THE WEEKEND MARQUEE: ‘Joe’ and ‘Julia’
“Before she changed the world, Julia Child was just an American living in France.” So says Amy Adams in the trailer for Julie & Julia, which opens today. And even though in the clips I’ve seen so far, Meryl Streep‘s portrayal of Child looks like it could be classified one notch below “chewing the scenery” critics are eating it up. David Edelstein of New York Magazine writes,
Julie & Julia is full of holes, but you don’t even care when Streep is onscreen. When actors like these are cooking, it’s better than haute cuisine.”
As for Amy Adams. Not so much.
Owen Gleiberman, writing for Entertainment Weekly, says,
The Julia half of Julie & Julia is irresistible, the Julie half less so.”
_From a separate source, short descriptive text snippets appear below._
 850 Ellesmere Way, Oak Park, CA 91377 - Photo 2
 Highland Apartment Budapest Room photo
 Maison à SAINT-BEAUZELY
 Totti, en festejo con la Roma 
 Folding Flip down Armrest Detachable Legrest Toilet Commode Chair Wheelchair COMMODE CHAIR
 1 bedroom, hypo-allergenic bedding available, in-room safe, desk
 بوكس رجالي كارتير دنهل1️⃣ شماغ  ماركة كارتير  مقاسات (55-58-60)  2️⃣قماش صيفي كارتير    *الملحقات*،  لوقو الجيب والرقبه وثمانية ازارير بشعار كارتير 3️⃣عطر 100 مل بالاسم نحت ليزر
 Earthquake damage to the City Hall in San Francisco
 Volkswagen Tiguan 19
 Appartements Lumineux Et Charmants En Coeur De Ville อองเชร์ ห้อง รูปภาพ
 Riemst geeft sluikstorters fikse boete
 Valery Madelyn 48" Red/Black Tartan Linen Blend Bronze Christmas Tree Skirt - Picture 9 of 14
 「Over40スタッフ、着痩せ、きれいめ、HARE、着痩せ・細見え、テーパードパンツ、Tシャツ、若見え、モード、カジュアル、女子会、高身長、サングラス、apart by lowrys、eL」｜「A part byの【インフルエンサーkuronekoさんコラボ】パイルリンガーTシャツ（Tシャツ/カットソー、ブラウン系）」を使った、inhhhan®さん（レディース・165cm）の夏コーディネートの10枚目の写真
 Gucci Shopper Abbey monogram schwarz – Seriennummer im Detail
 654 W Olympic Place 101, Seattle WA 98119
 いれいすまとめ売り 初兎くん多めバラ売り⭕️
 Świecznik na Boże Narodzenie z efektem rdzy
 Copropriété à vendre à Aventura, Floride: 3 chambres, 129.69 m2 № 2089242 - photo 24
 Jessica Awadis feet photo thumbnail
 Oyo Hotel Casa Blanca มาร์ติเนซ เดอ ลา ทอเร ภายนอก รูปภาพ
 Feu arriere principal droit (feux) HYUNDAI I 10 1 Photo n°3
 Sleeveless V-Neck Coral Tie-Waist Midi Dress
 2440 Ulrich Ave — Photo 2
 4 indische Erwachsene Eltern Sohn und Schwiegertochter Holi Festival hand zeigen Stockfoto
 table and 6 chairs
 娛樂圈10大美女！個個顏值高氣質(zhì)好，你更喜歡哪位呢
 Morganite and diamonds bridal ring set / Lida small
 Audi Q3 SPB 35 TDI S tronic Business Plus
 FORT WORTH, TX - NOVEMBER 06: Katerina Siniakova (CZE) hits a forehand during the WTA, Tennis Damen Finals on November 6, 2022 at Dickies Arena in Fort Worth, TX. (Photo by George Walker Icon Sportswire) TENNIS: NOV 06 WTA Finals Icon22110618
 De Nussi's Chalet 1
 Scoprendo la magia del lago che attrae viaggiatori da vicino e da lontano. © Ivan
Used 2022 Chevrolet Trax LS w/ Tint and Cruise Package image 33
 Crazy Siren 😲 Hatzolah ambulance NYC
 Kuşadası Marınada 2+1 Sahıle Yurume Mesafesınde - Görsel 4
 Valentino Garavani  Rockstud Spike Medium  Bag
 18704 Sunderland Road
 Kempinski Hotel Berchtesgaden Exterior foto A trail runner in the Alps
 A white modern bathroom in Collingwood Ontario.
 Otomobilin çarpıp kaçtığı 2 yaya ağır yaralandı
A.O. Scott echoes that sentiment in his review. He says,
Ms. Adams is a lovely and subtle performer, but she is overmatched by her co-star and handicapped by the material. Julia Child could whip up a navarin of lamb for lunch, but Meryl Streep eats young actresses for breakfast. Remember Anne Hathaway in “The Devil Wears Prada”? Amanda Seyfried in Mamma Mia? Neither do I.”
Lets face it. We’re nearing the dog days of summer, which means the studio’s are unleashing their own dogs, in the form of left-over summer movies. And so we have G.I. Joe: The Rise of Cobra, which Paramount didn’t even screen for critics, lest they put a damper on what they’re hoping will be a blockbuster weekend.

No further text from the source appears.